Prevention needs to balance actors and structures

As the American academic Barnett Rubin poignantly observed in 2002, “all prevention is political”: Constraining the repertoire of elite actions is inherently disruptive. Preventive action rests on a forward-looking, proactive and conflict-sensitive attitude, requiring courage and close interaction with people in the target society. International influence, though, is heavily circumscribed, and may be subject to geopolitical interests, regional rivalries, economic priorities, and divergent political preferences of local elites. Prevention is also disruptive within bureaucratic organizations, as it often entails questioning established relationships and accepted analyses in addition to imagining scenarios and new ways of engaging. In short: Prevention is not a separate activity, but rather a normative objective that affects diplomatic interactions across conflict stages.

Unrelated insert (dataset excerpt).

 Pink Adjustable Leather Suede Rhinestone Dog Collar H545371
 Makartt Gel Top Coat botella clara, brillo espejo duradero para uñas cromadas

Politics in countries at risk of armed conflict is often highly personal and informal. A thorough understanding of the nature of elite bargains by national stakeholders must incorporate both psychological factors and an analysis of a conflict’s political economy. Leaders in state-society conflicts may be geared more towards immediate political survival than reputational concerns, which has consequences for preventive diplomacy. Standard diplomatic appeals to leaders’ legacy or long-term interests may thus be ineffective. Diplomats need to balance the respective roles of structures and actors operating within them. In my research, I discuss how they do so across three levels of the diplomatic process at the country level: Knowledge production, political engagement, and international coordination.

Frontline diplomats are exposed to cognitive short cuts

When analyzing the politics of their host countries, frontline diplomats are exposed to cognitive shortcuts. Knowledge production involves balancing countervailing interpretations. Organizational rules and professional conventions dispose frontline diplomats towards a bias favoring the legitimacy held by formal state institutions. Even beyond the state, external actors easily assume a strong link between national stakeholders and local sources of power, and patron-client relations are often difficult to identify for outsiders. Diplomats need to reconcile structural forces such as ethnicity, religion, economic inequality, and ideology with the agency of their local interlocutors: Is their behavior an aberration or an expression of the governing political economy? Diplomats with long-term expertise are often more adept at recognizing such structural forces – but may also fail to update their beliefs and perceptions with changing elite incentives. This was the case following the independence of South Sudan in 2011, when many long-term observers struggled to recognize how the creation of the state had exacerbated internal tensions in the ruling elite. Such changes can be difficult to identify in bureaucratic systems that talk to each other mainly in writing, and that value conformity over questioning an internal consensus.

Diplomatic engagement with national stakeholders is often most effective when it is based on dialogue and clear principles. Mediating the intra-party dispute in South Sudan before the start of the war, a seasoned diplomat insisted, was essential – but it was absolutely integral to ensure transparency and avoid even the impression of favoring one contestant over the other. When domestic leaders find themselves in a hole, external actors need to hand them a ladder to climb out rather than a shovel to dig deeper. If nationalist leaders insulate themselves, working through interlocutors can help to create space for constructive dialogue. At the same time, the risk of constructive engagement is abuse and impunity that normalizes extra-legal methods in political competition. Following the protocol of state-to-state relations is thereby no longer neutral, but may end up legitimizing the concentration of power in a central government. Informal politics often require personal engagement, using institutional networks and individual experience to gain access to key people and facts. When diplomats engage on a personal level, they may increase their risk of being dragged into domestic political fights.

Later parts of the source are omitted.